Taxes & Defunct Texas Corporations

Published Categorized as IRS Debts
Taxes & Defunct Texas Corporations
Taxes & Defunct Texas Corporations

Our Federal tax laws often look to state law. Differences in state law can expand or limit the IRS’s ability to assess and collect Federal taxes.

In Patrick’s Payroll Services, Inc. v. Commissioner, T.C. Memo. 2020-47, the court considers whether a defunct Michigan corporation can bring suit against the IRS.

This case provides an opportunity to consider what Texas law differs from Michigan law and the implications for businesses in Texas.

Facts & Procedural History

The taxpayer was a Michigan corporation. The corporation functioned as a payroll company for a security guard business. It treated the security guard business’ employees as its own employees and filed the Forms W-2, payroll tax returns, etc. for the employees.

For 2010 and 2011, the taxpayer failed to file its payroll tax returns and failed to remit payroll taxes to the IRS.

The taxpayer corporation was dissolved with the state in 2013.

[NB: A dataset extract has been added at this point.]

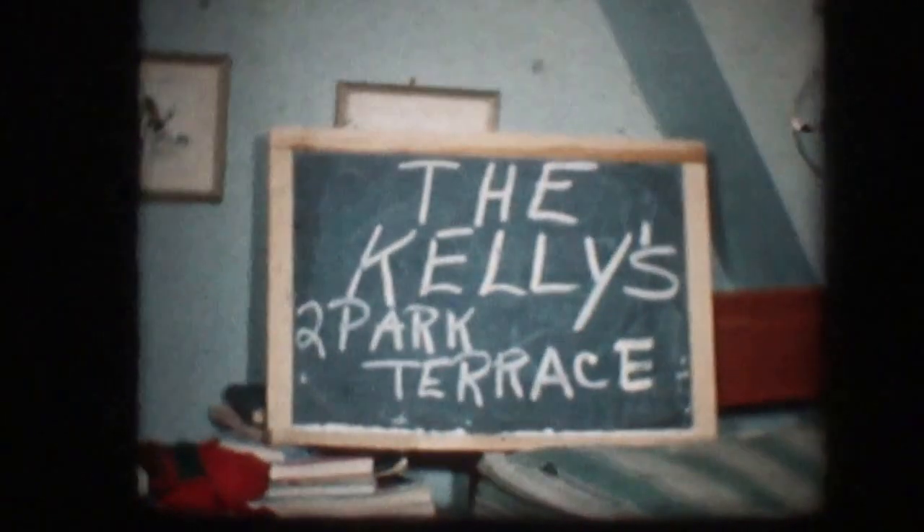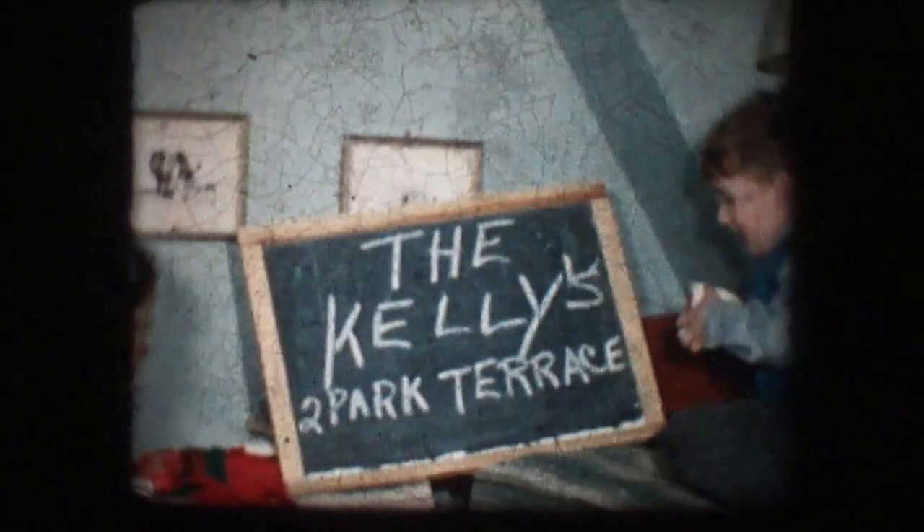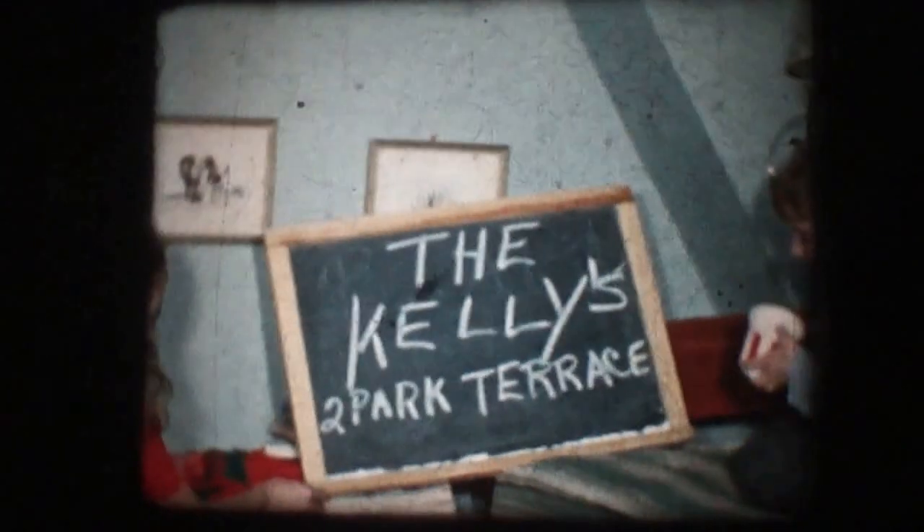Here we are again — shortly after we moved into the house in Charlottetown at 2 Park Terrace. Dad was taking a movie to show off the new house. This is downstairs in the foyer, where it goes up to the upstairs and the living room. There's an old coal fireplace there — never did burn anything in it.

The IRS audited the corporation in 2015. In 2017, the IRS assessed nearly $1 million in employment taxes and penalties thereon.

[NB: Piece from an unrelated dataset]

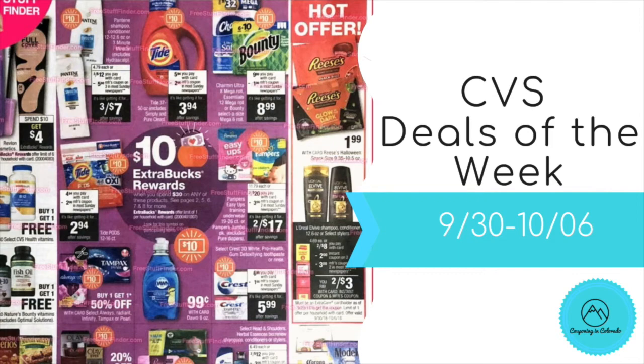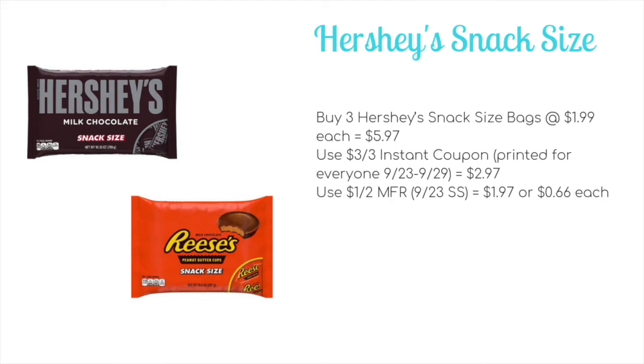Halloween is right around the corner, so our first deal has us picking up some great cheap candies. It's on the Hershey's snack sizes — pick up three on sale for $1.99 each, bringing your total to $5.97. Hopefully you held on to that $3 off of three instant coupon printing this current week 9/23 to 9/29, which brings it down to $2.97. Then use a $1 off two manufacturer coupon from the 9/23 Smart Source to pay $1.97 out of pocket, or just 66 cents per bag — a fabulous stock up price.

The taxpayer filed a collection due process hearing request for the unpaid taxes. In 2018, the IRS Office of Appeals held the hearing. The taxpayer allegedly failed to provide records to the Appeals Office, which resulted in the case being closed. Litigation ensued in the U.S. Tax Court.

Standing to Bring Suit

The U.S. Tax Court’s opinion starts with the jurisdictional question. The question is whether the taxpayer, a defunct corporation, has standing to sue the IRS in U.S. Tax Court.

This is an important question as a taxpayer who does not have standing cannot bring a lawsuit against the IRS. The court will typically dismiss the case before even getting to the merits of the case.

As noted by the court, the U.S. Tax Court looks to state law to determine whether a defunct entity has standing to bring suit.

In Michigan, the law provides a defunct corporation with a “reasonable period” for winding up its affairs. This allows the corporation to bring a lawsuit in winding up its affairs.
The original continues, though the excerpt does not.